More Assaults. Until the maxi-maxi is built, the guards at Attica are insisting on tightening up prison discipline. They blame the revolt on a too permissive atmosphere. "We never considered our job dangerous," says Attica Mayor Richard Miller, who also serves as a prison guard. "There have been more assaults on officers in the last year and a half than in all my years before. It just didn't used to happen."

In the meantime, the guards are apparently taking discipline into their own hands. While 50 prisoners implicated in the revolt are currently housed in a maximum security area that is clean and not too crowded, reports suggest that they are being made to pay for their behavior. Relatives visiting the prison have emerged weeping and complaining that inmates are beaten and threatened as a matter of routine. Last week three inmates testified in a federal court hearing in Buffalo that they had been repeatedly mistreated by guards since the rebellion. District Judge John T. Curtin refused to allow their request to be transferred to another prison, but he issued an order to Attica officials to stop abusing inmates. He also complained that the public was getting a "one-sided" view of the rebellion because newsmen were barred from interviewing prisoners.
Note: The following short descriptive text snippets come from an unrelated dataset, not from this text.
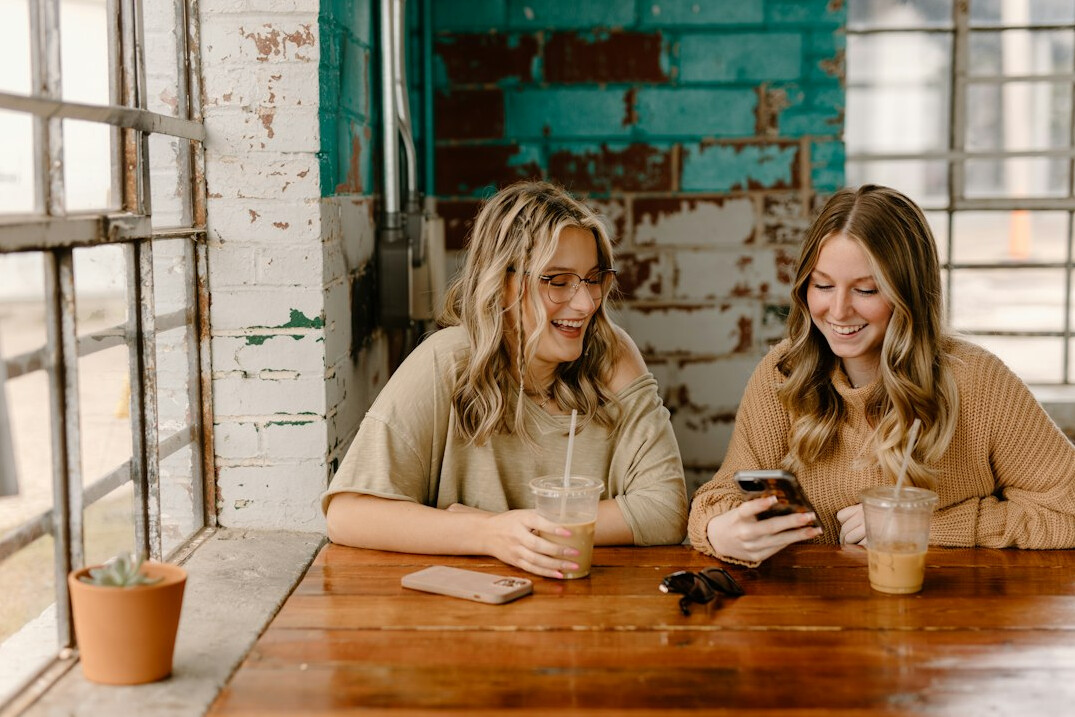 friends using smartphones together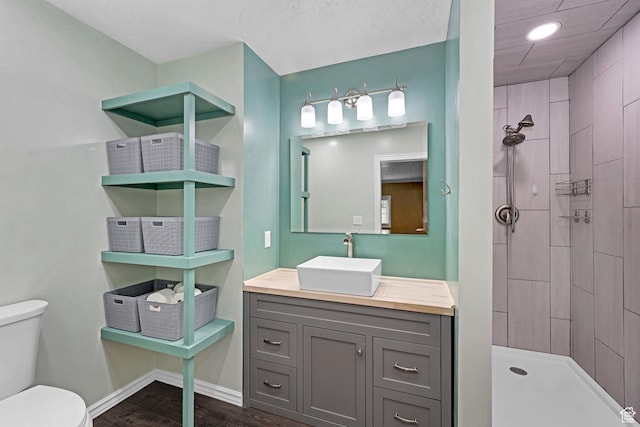 275 E 1st S, Preston, ID 83263 - full bathroom featuring recessed lighting, wood finished floors, toilet, vanity, and tiled shower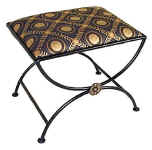 Small wrought iron bench with upholstered seat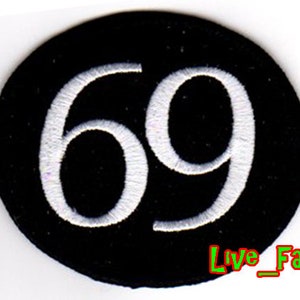 Könnte beinhalten: Ein schwarzer runder Patch mit der Nummer 69, die in Weiß gestickt ist. Der Patch hat einen weißen Umriss.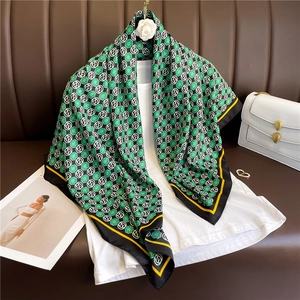 Elegant green clover print silk scarf with black border draped over a white t-shirt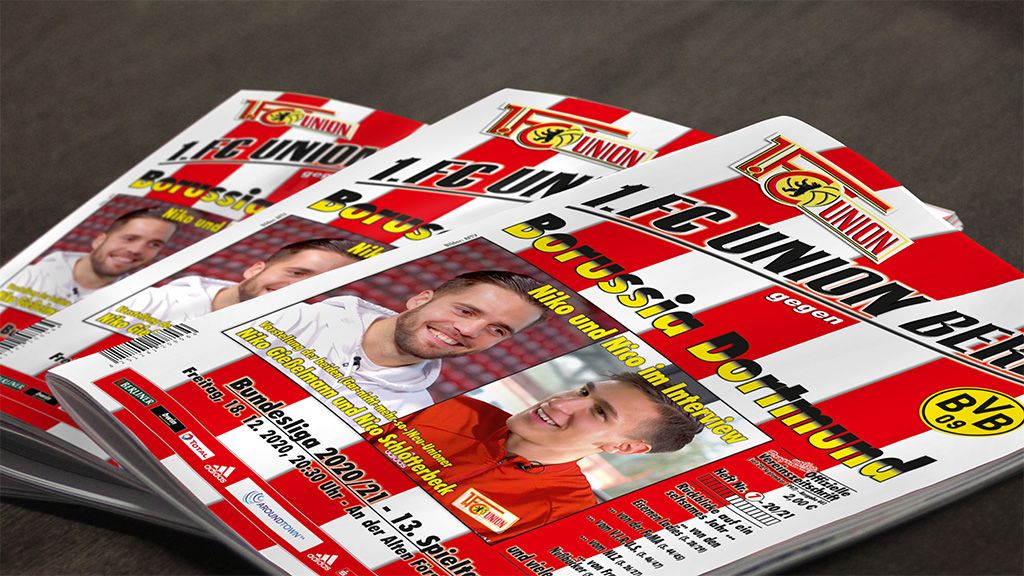 Zwei Stapel von Programmheften für ein Fußballspiel zwischen 1. FC Union Berlin und Borussia Dortmund.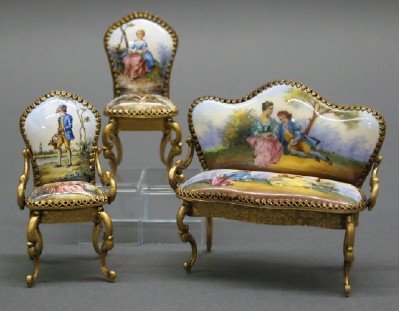 Austrian Mini Chairs & Settee: A Turn of the Century Austrian Miniature Parlor Set. Consisting of an armchair, a side chair, and a Settee. Each with gilt ormolu frame and enamel decoration, with courting scene motif, at the back an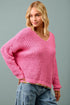Woman wearing a pink sweater against a gray background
Not all the reaction to Attica has been punitive. The state is planning to spend $4 million for repair of the prison and another $3 million for a modernization program that will include an expanded library and gymnasium as well as a shower for each cell block--a particular gripe of prisoners who normally are allowed to bathe only once a week. Governor Nelson Rockefeller asked five judges of the state court of appeals to appoint a commission to investigate all aspects of the rebellion. Last week the judges named a diverse nine-man commission to be headed by Robert B. McKay, Dean of the New York University Law School.

More Passion. The commission will have plenty of competition from other investigators who are flocking to Attica. In addition to Senator Dunne's crusade, a committee will be established by the state legislature to consider changes in the penal system. Former U.S. Senator Charles Goodell has set up a committee of scholars to conduct a study of prison reform. State Deputy Attorney General Robert Fischer is briskly probing the rebellion with the aim of bringing possible indictments against some of the inmates.

The danger is that an honest search for the facts may be derailed by ideological passion. The left has seized the occasion to romanticize the "political" prisoners who led their fellow inmates to the slaughter; the right has taken the opportunity to assail the left. Spiro Agnew, for instance, complained that the "radical liberals" and the news media have turned the event into "yet another cause celebre in the pantheon of radical revolutionary propaganda." If this becomes the tone of the investigation, there will be no lesson learned from Attica.